The additional complication with Investment Trusts [9] is that they are closed-ended funds. They have a fixed amount of shares in circulation, so the trust’s price at any moment reflects supply and demand for the fund itself, as well as for the underlying index. Investment Trusts can therefore trade at wide discounts [10] to their net asset value and sometimes a slight premium. You can lose or gain on an investment trust as the discount fluctuates, even if the index remains absolutely flat.
ETCs – commodity or currency tracking
Exchange Traded Commodities (ETCs) can track everything from gold to leveraged lean hogs [11] but they’re not as straightforward as their ETF namesakes:
- Only a few precious/industrial metal ETCs can afford to physically hold commodities, which enables them to track the current (spot) price.
- Most ETCs track their commodity’s futures [12] market. Returns on futures differ from returns on spot prices.
- Some ETCs track single commodities, others a broad basket.
- ETCs are structured as debt instruments to avoid UCITS [13] rules on diversification.
- Investors are exposed to counterparty risk (up to 100%).

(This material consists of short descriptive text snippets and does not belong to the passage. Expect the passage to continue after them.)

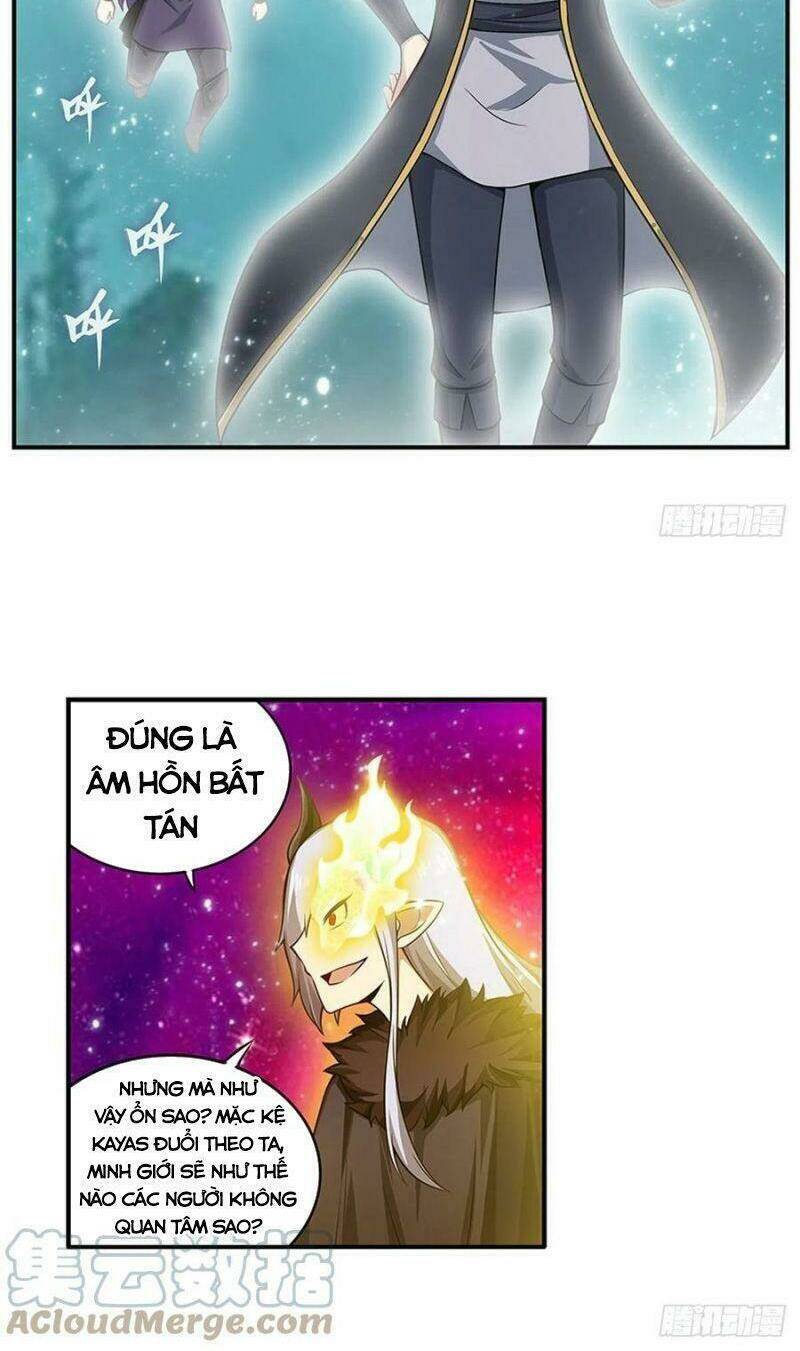 Sứ Đồ Vô Hạn và 12 Chiến Cơ: Chapter 231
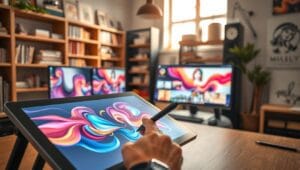 كيف تصنع صورًا فنية احترافية باستخدام MidJourney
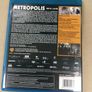 metropolis 3 blu ray disc edition german audio only rare noir fritz lang classic Image 2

- You don’t get dividends.
Exchange Traded Currencies are similarly structured and track the foreign exchange fluctuations of pairs of currencies.
ETNs and Certificates
Exchange Traded Notes (ETNs) and Certificates are cheap and potentially nasty. There are many variations on the theme, but basically they track an index, are tradeable on the Stock Exchange, and:
- They’re debt instruments issued by a single party (normally a bank).
- The bank agrees to pay the return of the index on the product’s maturity date.
- The underlying assets are not physically owned.
- If the bank goes kaput you’re in trouble.
- Counterparty risk exposure is up to 100%.
- They’re a low cost way to enter hard-to-access markets.
- Tracking error [14] is low – it amounts to just the fees.
Structured products
There’s a whole soup of structured products [15] out there that are labelled as trackers. Normally they’ll follow an index of some sort and lure investors with alchemical promises of outsized returns and capital protection.
Broadly:
- They’re close ended.
- Have a finite lifespan.
- Capital protection is only offered if you hold for the full lifespan of the product.
- The return is provided by derivatives.
- It’s counterparty risk time again.
- You give up your dividends.
- You’ll scratch off your scalp trying to fathom how they work.
- There’s no free lunch!
What you track matters mightily
Just because you’ve invested in the kind of fund you’d happily take home to meet your mother – a traditional index fund or physically-replicating ETF tracker – that doesn’t mean you’ve necessarily bought a vanilla fund in terms of the exposure you’ve taken on.
I’ve described the different tracker type vehicles – but I haven’t got into the passengers in the vehicle, or where you hope it’s going.
An index fund may seek to track a mainstream index like the FTSE 100 index of the UK’s largest companies, the S&P 500 in the US, or the entire global stock market [16].
But innumerable funds are available that seek to track all sorts of other weird and wonderful indices (and yes, “weird and wonderful” may be considered a euphemism for “odd and unsuitable” for us passive investors).
I’m thinking about specialist indices creating in-house by fund managers to track niche sectors – companies involved in robotics or selling to teenagers or global arms, say.
These products might have their place for thrill (/loss…) a minute active investing sorts, but they have nothing to offer us sober passive investors.
You might also come across ETFs that aim to, for example, double the daily upside or downside [17] of the index being tracked. Again, back away slowly.
More respectable from our perspective are funds that track indices dedicated to winkling out the potential return premiums [18] from certain cohorts of shares (sometimes called Smart Beta funds) that focus on value [19], profitability [20], and similar factors, where you might hope to boost your annual returns by a percentage point or two over the long-term.
But such funds have extra risks and other downsides [21], too, so make sure you do your research.
Just remember the type of index tracker you plump for is one thing – but the index being tracked [22] is a separate matter.